Solicitor Rob Stary — who has represented Thomas since his 2003 capture but could not act for him in the retrial because he could have been called as a witness — said there were mixed emotions after the verdict, because he felt aggrieved about the conduct of the Commonwealth and the Australian Federal Police (AFP) in the case.
He echoed Thomas' former barrister Lex Lasry, QC, who said at the first trial it had to be about more than "securing a trophy in the cabinet of terrorist prosecutions".
"I think the authorities need to be very careful because what's happening in these failed prosecutions, all it does is erode public confidence in the system," Mr Stary said.
He said he laughed out loud when prosecutor Richard Maidment, SC, suggested during a bail application by Thomas that al-Qaeda was a well-resourced organisation that could help him bust out of Barwon Prison.
"That's the sort of … hysteria we've had to contend with," he said. "That's why we gave the Four Corners interview. We had to get out … a picture of Jack Thomas that represented more truly what he was like."
The retrial, based on media interviews given freely by Thomas and published after his first trial, raised important issues for journalism.
Sally Neighbour, whose Four Corners interview with Thomas formed most of the evidence against him, said the experience had made her acutely aware of the potential legal consequences of her work.
"It was extremely discomforting to have my story used as the basis for Jack Thomas' retrial, particularly given that the authorities had failed to obtain a lawful conviction using conventional means," she said.
"… The Crown only relied on the Four Corners interview because the AFP's own interview with Thomas in Pakistan was ruled inadmissible and 'contrary to Australian law'."

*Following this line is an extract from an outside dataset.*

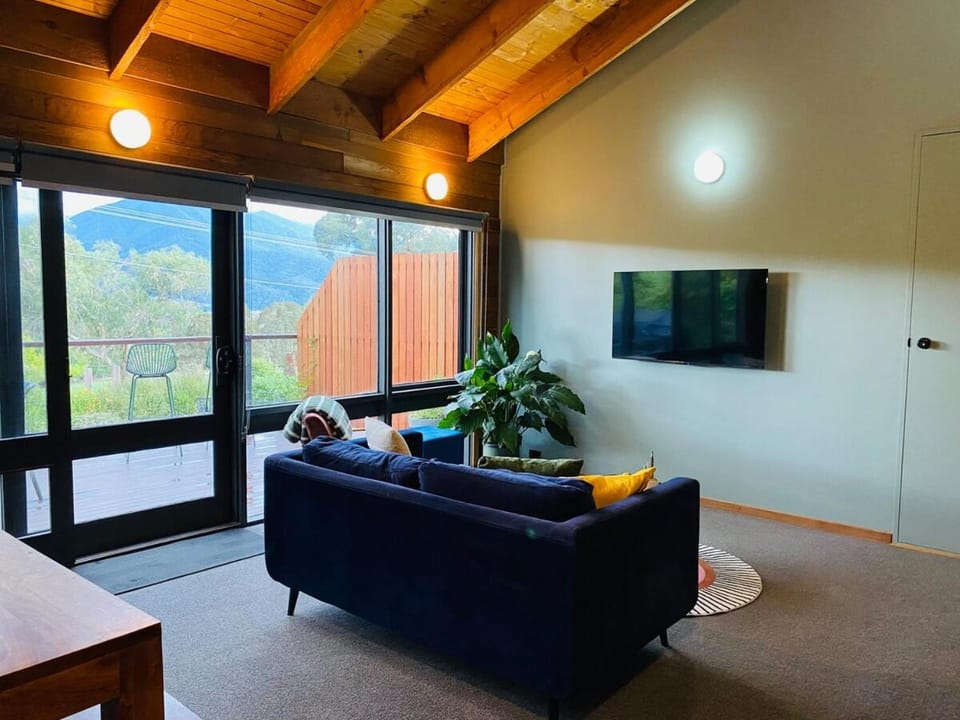 No 43 Guesthouse Apartment in Tawonga South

Jim Kennan, SC, who acted for Thomas in the retrial, said Thomas and his family intended to quietly celebrate the "satisfactory and inevitable conclusion" of their ordeal.
"He has been acquitted of all terrorist-related charges and obviously that's a matter of great satisfaction to him," he said.
Mr Stary thought Thomas, who suffered a breakdown in his high-security prison cell in 2006, would never recover from the past six years.
It remains to be seen whether prosecutors will appeal. Asked whether his client intended to give any public response to the verdict, Mr Kennan's response was a firm "No".
THOMAS' LONG WALK TO FREEDOM
¦March 23, 2001 Travels to Pakistan with wife and daughter.
¦April 2001 Enters military training camp in Afghanistan to prepare to fight for the Taliban.
¦Nov 19, 2001 Thomas's wife and daughter flee to Pakistan as Taliban collapses. He remains briefly in Afghanistan, then goes into hiding in Pakistan.
¦
January 4, 2003 Detained at Karachi Airport as he prepares to return to Australia.
¦June 6, 2003 After five months in custody without charge, Thomas returns to Australia
¦November 18, 2004 Arrested at his Werribee home and charged with terrorism-related offences.
¦February 10, 2006 Found guilty of receiving funds from a terrorist organisation and possessing a false passport. Cleared of providing resources to a terrorist organisation.
¦February 27, 2006 Four Corners airs interview with Thomas about Pakistan and Afghanistan.
¦August 18, 2006 Court of Appeal quashes Thomas' convictions, ruling that police interview was inadmissible.
¦December 20, 2006 Court of Appeal approves an application by the DPP for a retrial based on the Four Corners interview.
¦June 16, 2008 Court of Appeal rejects challenge to the retrial.
¦October 23, 2008 Thomas cleared of receiving funds from a terrorist organisation, convicted of possessing a falsified passport.